Rees Thomas was educated in Queensland, then studied for the Congregationalist ministry for five years at Parkin College, Adelaide, where he was conferred with the L.Th., and was conducting services at the Church of Christ in Kadina, South Australia in March 1934. He was then conferred with a Diploma in Divinity by the Melbourne College of Divinity, with which Parkin was associated. Late that year, in company of Rev. E. S. Kiek, principal of Parkin Theological College, travelled by rail to Perth, Western Australia for a three-month probation with Subiaco and Mt. Hawthorn Congregationalist churches. He was ordained there, and served from December 1934 to January 1942.

He served at Clayton Church, Kensington South Australia from 1942 to 1947, in which year he was conferred B.D. by the Melbourne College of Divinity. Late in 1947 he returned to Queensland, where he succeeded Rev. Percival Watson as pastor of the City Congregational Church, Brisbane, being inducted in February 1948 by his old principal Rev. E. S. Kiek and distinguished wife Rev. Winifred Kiek. He served with distinction until 1981. Following the creation of the Uniting Church in Australia, he served as minister-in-association at St Andrew's Uniting Church, Brisbane. He died in 1993 while holidaying in New Zealand. He was cremated and his ashes were buried in the Ipswich General Cemetery.

==Other positions==
- President, Australia and New Zealand Congregational Union, 1971–1973
- Chairman Congregational Union of SA 1947–1948
- Chairman Queensland Congregational Union 1951, 1959, 1964–65, 1977.
- Moderator of the Queensland Synod of the Uniting Church in Australia 1978
- He was president, Queensland Council of Churches in 1953.

==Other interests==
Rees Thomas was an enthusiast for Welsh culture: while at Brisbane City Church he was involved in Cymanfa Ganu singing festivals.

He was a crusader against gambling: SP bookmaking was a particular target of his sermons, and he drew adverse criticism for his targeting of bridge clubs who played for cash prizes.

==Recognition==
Rees Thomas was in 1965 awarded an MBE for services to the Congregational Church and the community.

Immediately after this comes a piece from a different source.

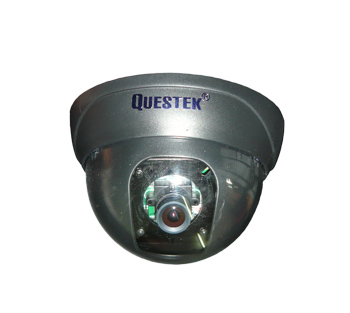 Camera quan sát QUESTEK -- QTC-303i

A chapel at St Andrews Uniting Church in Brisbane commemorates the work done by Rees Thomas and his wife Ruby.

==Bibliography==
- Thomas, T. Rees Prayers for People We Take for Granted Boolarong Publications, Brisbane 1991

==Family==
Rees Thomas had a sister Annie Grace Thomas (1907–1987) and three brothers: William (1905–1930), David (1907–1974) and John (1915–1953), all living in Queensland.

Rees Thomas married Ruby Fanny Byerley (1915–1989) of North Adelaide in Perth on 6 February 1937. Their children included:
- son (24 January 1944 – )
- daughter (3 April 1947 – )

Many of the Thomas family are buried at the Blackstone cemetery.